For some unfathomable reason, my dear, departed mother considered WFB to be an ideal role model for a male child growing up in post WW2 America. Before National Geographic and the other ‘educational’ magazines started showing up in the mailbox in my name courtesy of gift subscriptions from assorted aunts and uncles, our home regularly received two magazines: Life and National Review.    I was raised in a home where, in the very early 1960s, mom was forced to split her political enthusiasm between WFB and our first Catholic President, JFK. Although these two stood on opposite sides of many of the crucial policy debates of the day, neither could do any wrong in her mind. A few years later, for an hour every week, my father’s westerns and my sitcoms were pre-empted by “Firing Line’ featuring the man with the reptilian tongue.

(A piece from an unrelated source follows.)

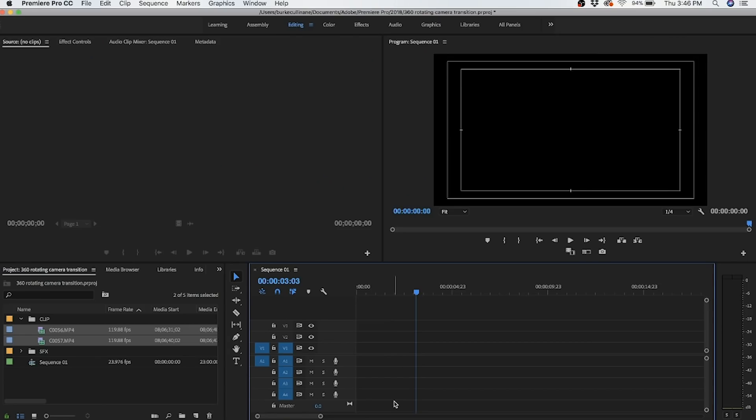I'll be editing this sequence in Premiere Pro, but as long as your software has the ability to speed ramp and reverse a clip, you'll be good to go. I'm in my project here, already got my sequence lined up, and the clips are already imported.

At the time, my political knowledge was limited to what I absorbed watching the evening news: I knew that WFB was on the wrong side, but I had no idea that he *was* the wrong side. In my limited experience, anyone over twenty-five who also happened to be a Republican belonged to the “them” team in the great ‘us versus them’ divide splitting our country in half. It would be another decade before I realized that WFB was responsible for articulating many of the Right’s more cogent arguments. His conclusions were universally dead wrong, but he could sure “throw words” as we used to say back then.

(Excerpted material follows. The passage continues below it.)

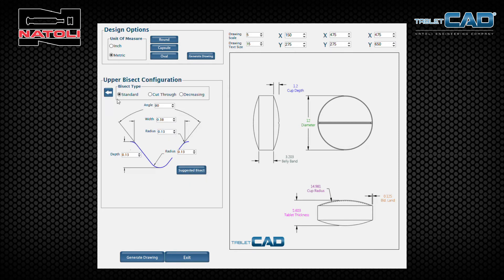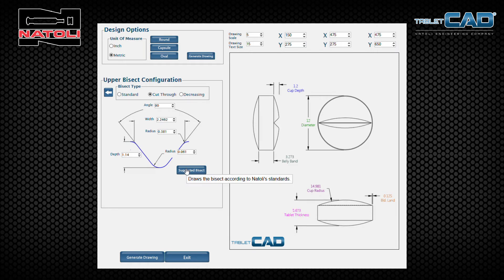This replaces the control panel with a new control panel for bisect configuration. We have three standard types of bisects: standard, cut-through bisect, and the decreasing style bisect. Simply click on the suggested bisect button that we've incorporated into this panel and you notice the bisect becomes appropriately sized for this tablet.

Mom’s interest in WFB was so strong that when our family was looking to relocate after my father’s retirement, we came very close to buying a small farmhouse adjacent to the Buckley estate in Sharon, CT.   I left for college around that time and managed to avoid reading a single issue of NR for many years. But I’ll admit to watching Firing Line a few times during the haziest years of the nineteen seventies; I probably took a small amount of illicit glee at watching WFB while under the influence of illegal (and vaguely socialist) drugs.  

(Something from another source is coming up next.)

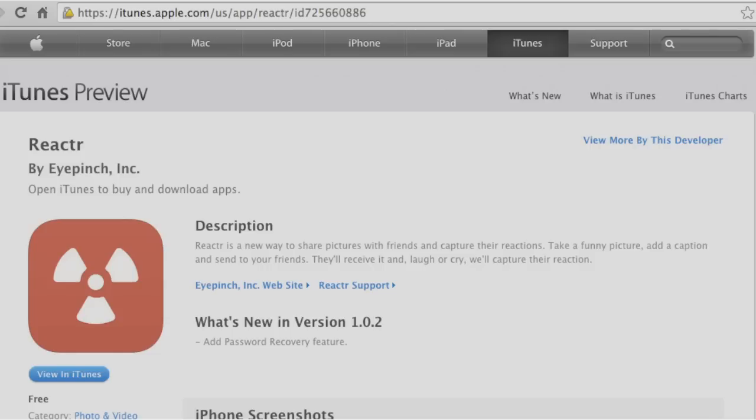Hey YouTube, it's Mitch at iPhoneCaptain. Today we're going to be looking at an application called Reactor.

It was years later while visiting for the holidays that I was first introduced to WFB’s Blackford Oakes series of ‘spy novels.’ The hero stood firmly against everything I believed in. Castro, Che, socialism, and be bop were the controversies that divided Left and Right during the timeline covered by the Oakes books I read; roughly 1950 through 1965. Even though the protagonist got it wrong on all of these (and many more) hot button issues, I was a sucker for a well written Cold War spy story. (as were most people alive during that era.)

As the Reagan era (and Reagan….) faded into memory, Buckley seemed to disappear as well. There would be the odd editorial in the NY Times, or a brief appearance on one of Firing Line’s countless imitators, but I always viewed these later glimpses of WFB to be little time capsules. He just didn’t seem to be “of this time” and I had so many memories of him from the 1960s that I saw no need to keep up with his more recent life.

Then I clicked on the little house avatar on my web browser to access CNN after finishing a two hour meeting earlier today. There was the announcement of his passing. As a radical leftist who questions the humanity of anyone who doesn’t acknowledge the positive aspects of socialism, I tried to file away the announcement as inconsequential; the passing of an enemy. But in my mind, the ties between WFB and my mom were too great to ignore. I’ve spent most of the past few hours reminiscing about my early life and my family. This is an all too rare occurrence, and for that, if *nothing* else, I thank WFB and offer him a non-judgmental RIP.